Are there sounds that excite you? There are so many sounds that are available to us that it can be inspiring or paralysing but what excites you at the moment?
“Loops. That’s where I’m at at this moment. Loops, but not in the sense of house music or anything but I like repeating abstract patterns that morph over time – and this is just where I’m at currently – that have very non-linear musical harmonic content that then, by the sheer fact that it loops, you can extrapolate from that certain hidden melodic motifs.
“Even on Ocean Machine, Voices In The Fan, ‘cos when I was a kid I would listen to repeating patterns and things started to appear because the human brain is such a pattern-seaking [organ]. We don’t want to get eaten by a lion so we are looking for patterns as self-defence, I guess, and so when I listen to loops I really enjoy that repetition and how that starts to imply emotional things to me.

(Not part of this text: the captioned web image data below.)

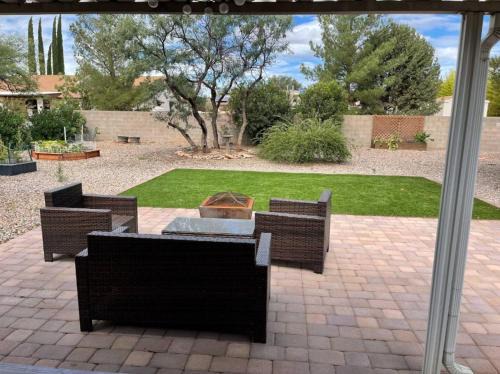 Sierra Vista House | Vista Retreat - Country Club Estates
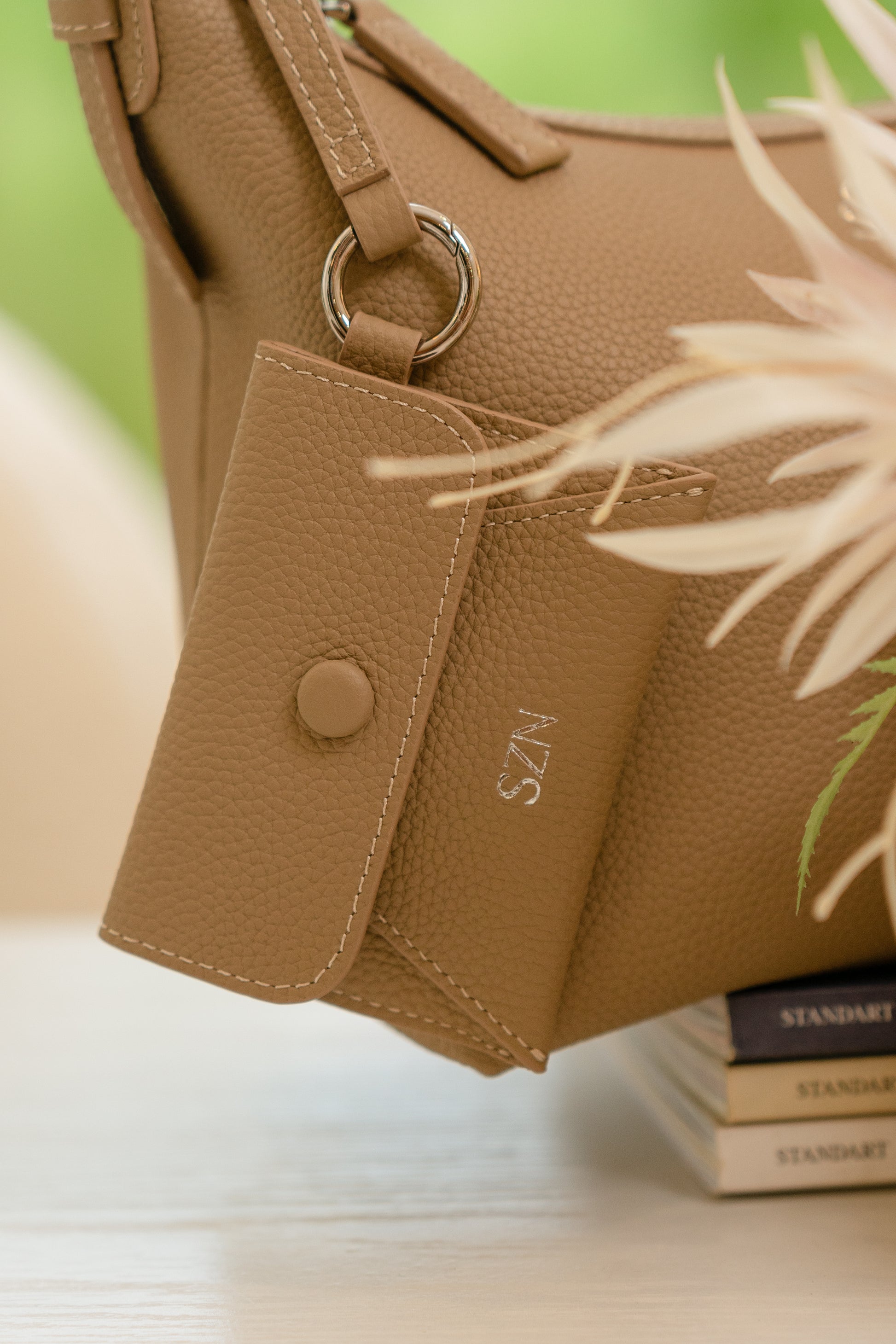 The Daily Signature in Shadow Beige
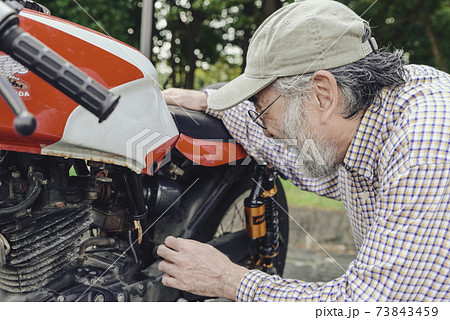 バイクライフ　バイクを整備するシニアライダー 73843459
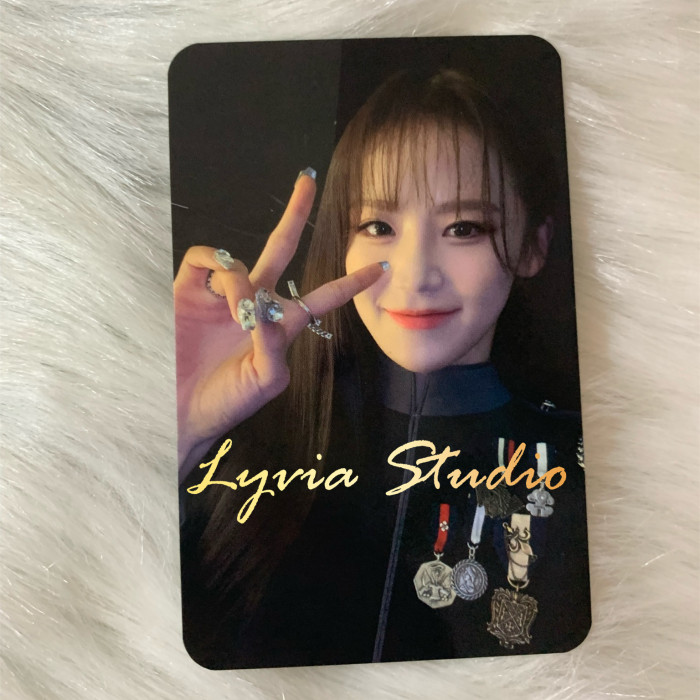 HOTISSE ISSUE MAKER Apple Music Fansign Pre-order Photocard
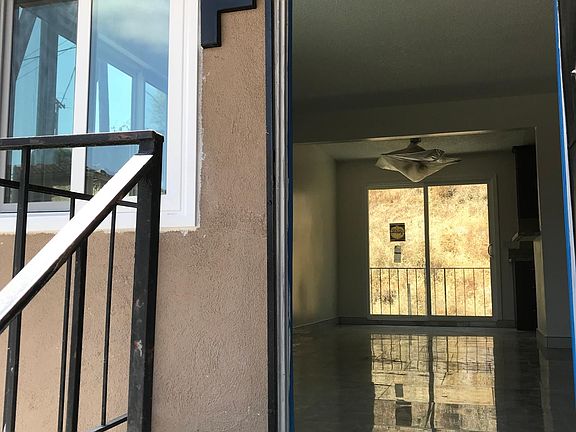 4th image of 205 Mooney Dr #F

In the past I have always worked with that to some degree but I think, at the formative stages of The Moth, whatever it ends up being, that’s where I am at. At least right now it is abstract loops. But because I have done The Puzzle and it was so abstract that it lost a lot of people, including myself to a degree, I am able to say, ‘It’s not far but it’s there,’ and you just follow your compulsion, right?”
- Infinity 25th Anniversary reissue is out now via Inside Out.